5. Keygen untuk memperoleh kombinasi PIN sampai puluhan ribu
kombinasi.
Komisi Penyelenggara dan Pengawas
Model ini membasiskan diri pada penggunaan teknologi
sehingga komisi penyelenggara perlu dilatih secara teknis untuk mempermudahnya.
Pelatihan itu mencakup:
1. Mencetak Kertas Suara dengan nomor seri tertentu
menggunakan fitur Maillings pada Word/ Exel.
2. Membuat PIN dengan sebanyak jumlah mahasiswa. PIN ini
bisa dibuat dengan memanfaatkan software keygen dari aplikasi apapun. (Saya
mencoba menggunakan keygen dari Corel 14 dengan PIN yang bisa dipecah menjadi 7
digit).
Lebih dari sekedar pelatihan teknis, kerawanan terletak pada
manipulasi data. Manipulasi data sangat mungkin dan mudah dilakukan hanya
dengan mengubah data input. Untuk itu, komisi penyelenggara harus menjalani
Sumpah Tugas berdasar agamanya masing-masing dengan Quran, Injil dan
seterusnya. Sumpah ini dapat dilakukan oleh Dosen Agama atau tokoh tertentu
yang dipandang mempunyai kualitas moral yang tinggi.
Sumpah ini diperlukan mengingat bahwa kecurangan selain pada
ranah pemilih yang diantisipasi melalui tinta, juga sangat mungkin terjadi
dalam komisi penyelenggara. Dengan Sumpah Tugas ini, saya kira akan mengurangi
kekhawatiran itu. Jika masih ada kecurangan di dalam komisi penyelenggara, tentu
sangat ironis mengingat mereka mahasiswa dan apa yang dikerjakannya tidak
menguntungkan secara material.
Di sisi lain, untuk mengurangi berbagai bentuk kecurangan
perlu dibentuk komisi pengawas yang bertugas mengawasi jalannya Pemira. Selain
itu, pengawas juga harus mengontrol/ mengawasi komisi penyelenggara khususnya
bagian pusat input data. Komisi pengawas ini bisa berasal dari perwakilan tim
sukses calon, UKM, HMJ, DLM atau BEM sebelumnya.
Seputar Masalah Teknis
Karena sangat teknis, saya akan susun dalam bentuk
tanya-jawab.
1. Bagaimana mencetak Kertas Suara yang mana memuat Nomor
Kertas Suara dan PIN yang berbeda semua? Mudah, gunakan fitur mailings pada
Word. Sebelumnya siapkan database Nomor Kertas Suara dan PIN pada laman Exel.

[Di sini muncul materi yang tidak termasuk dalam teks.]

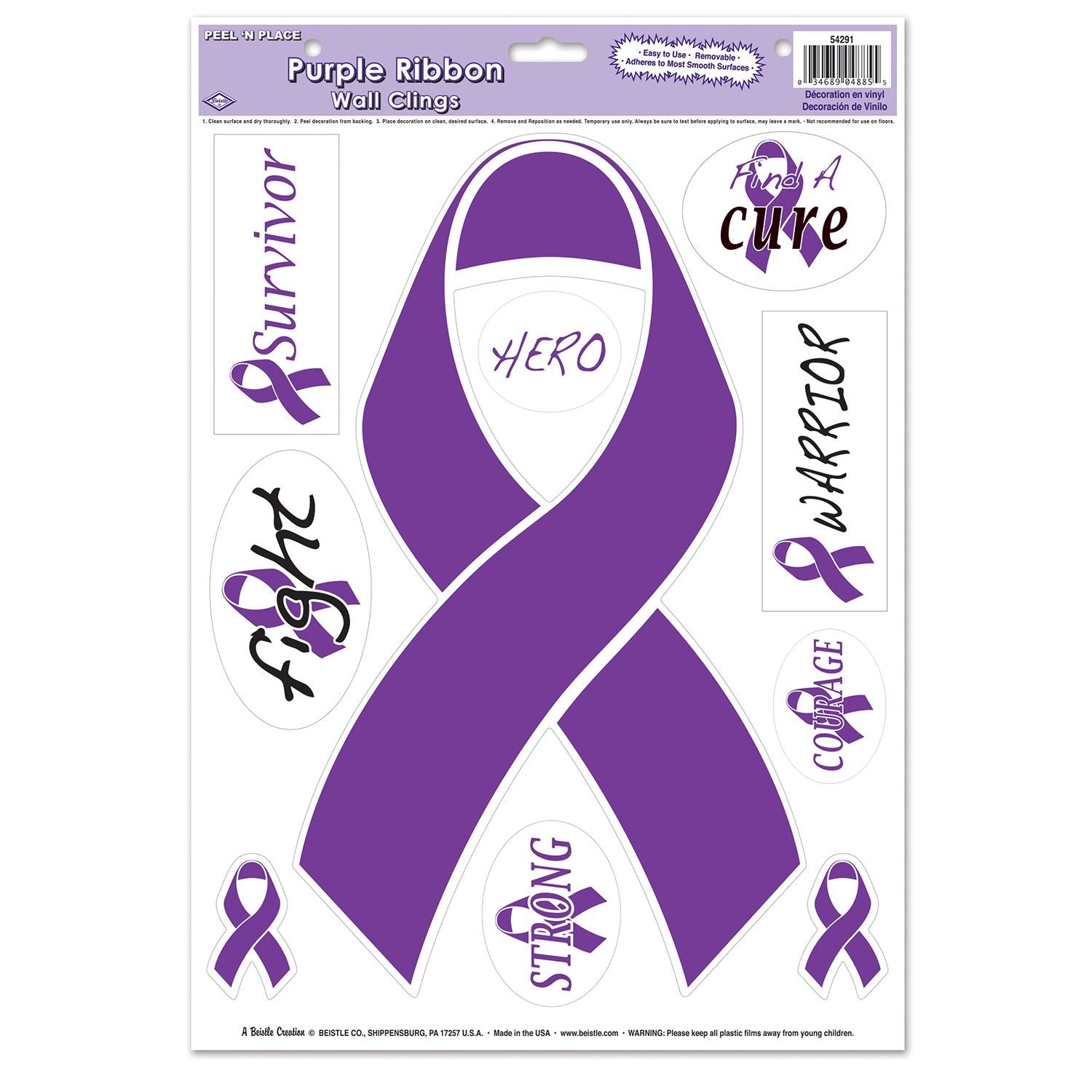 Beistle Purple Ribbon/Find A Cure Peel 'N Place | Party Supply | Decoration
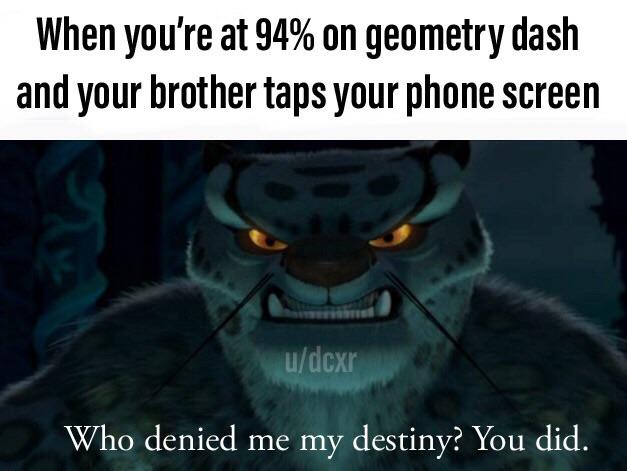 memes - photo caption - When you're at 94% on geometry dash and your brother taps your phone screen udcxr Who denied me my destiny? You did.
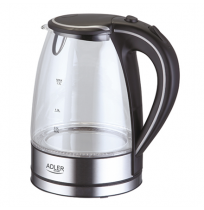 Adler | Kettle | AD 1225 | Standard | 2000 W | 1.7 L | Glass | 360° rotational base | Transparent/Stainless steel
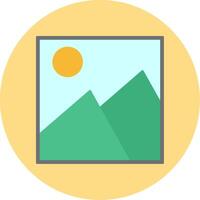 Picture Flat Circle Icon vector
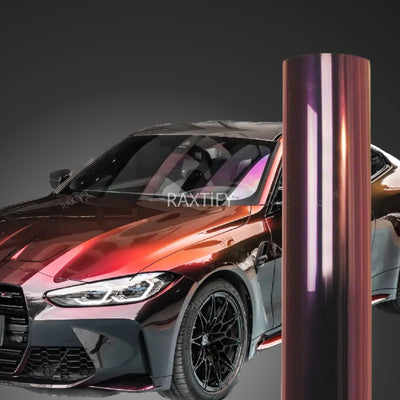 Color Shift Rainbow Drift Black Red Vinyl Wrap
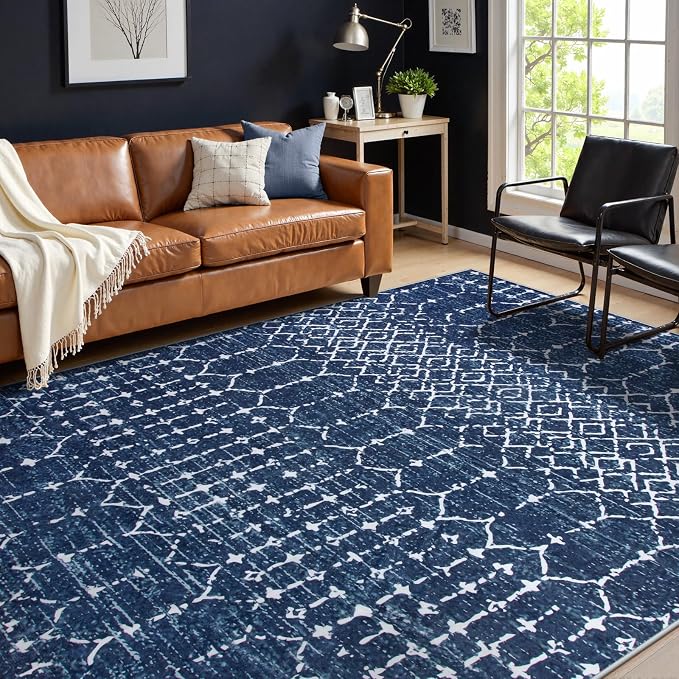 Lahome Moroccan Living Room Rug 9x12 Non-Slip Washable Ultra-Thin Soft Large by Lahome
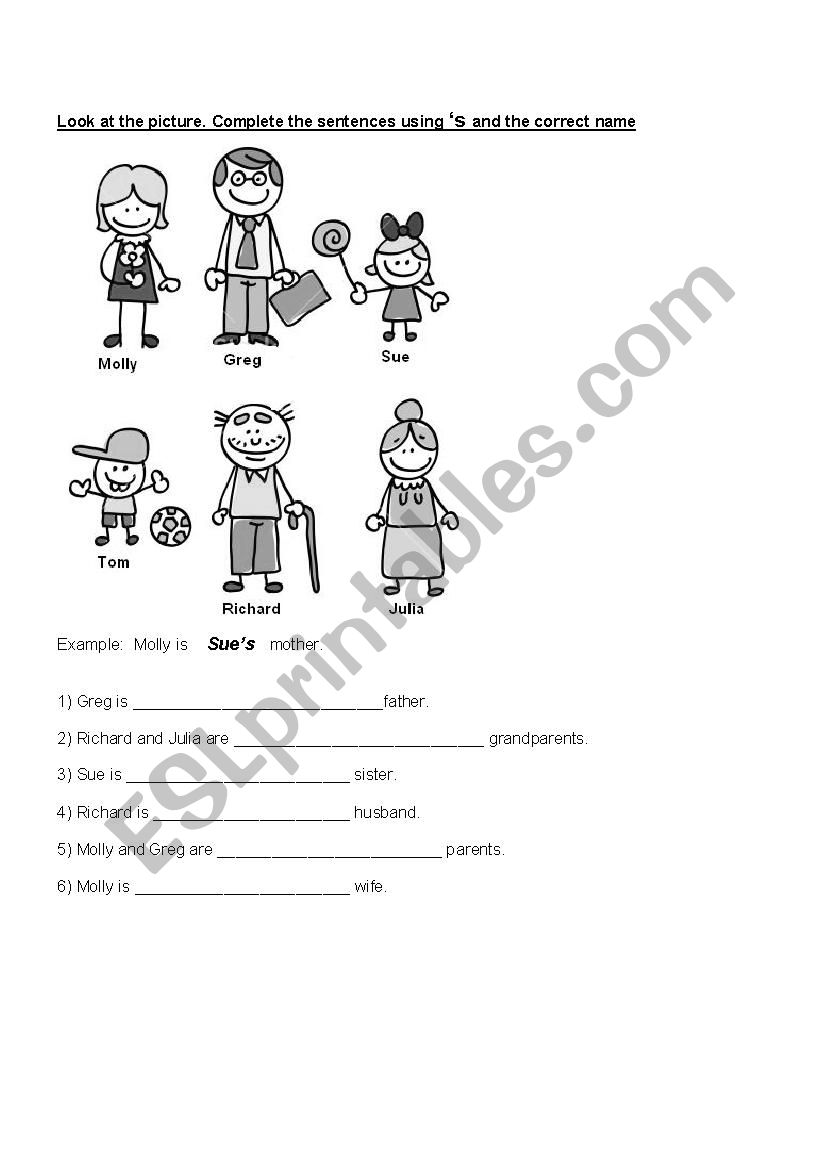 Possessives worksheet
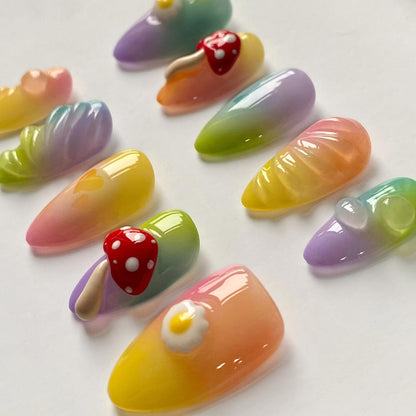MABKJLF Handmade Short Almond 3D Press-On Nails – Reusable ABS, Full Kit Included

2. Bagaimana memperoleh PIN? Mudah, ambil dari keygen
aplikasi apapun, misalnya Corel Draw 14. Copy-paste pada laman Exel.
3. Bagaimana menghitung perolehan suara? Sorot dan kopi
kolom “Pilihan” pada tabel Rekap Data Suara. Buka laman Word baru. Paste pada
laman baru itu. Klik kontrol H. ketik Angka 1 (untuk calon nomor 1), 2 (untuk
calon nomor dua) dan 3 (untuk calon nomor 3) pada kolom “Find what”. Isi
“Replace with” dengan huruf A untuk pengganti angka 1, B untuk pengganti angka
2 dan C sebagai pengganti angka 3. Kerjakan satu per satu dari setiap nomor.
Tekan enter. Dan lihatlah jumlah yang ter-replace/ tergantikan. Itulah jumlah
suara bagi setiap calon.
4. Karena error, bagaimana jika ada dua atau lebih SMS yang
isinya sama? Gunakan fitur “Remove Duplicate” pada Exel.
5. Bagaimana jika ada SMS kosong? Mudah, tinggal klik
“Replay” pada software Mobile Partner dan kirim SMS balik dengan perintah suruh
mengulangi.
6. Bagaimana jika terjadi dua kali entri data? Mudah, hapus
SMS yang sudah diinput. (Jika diperlukan untuk melihat ulang masih tersisa di
“kotak sampah”).
7. Apa tinta yang harus digunakan? Apa saja yang penting
tahan lama, mudah dan murah. Misalnya, tinta isi spidol, tinta printer, tinta
China, tinta pulpen boxy, tinta hena atau bahkan obat merah dan pewarna
lainnya.
8. Bagaimana kerahasiaan pemilih? Tetap terjaga! Karena
komisi penyelenggara tidak pernah meminta NIM atau Nama Mahasiswa.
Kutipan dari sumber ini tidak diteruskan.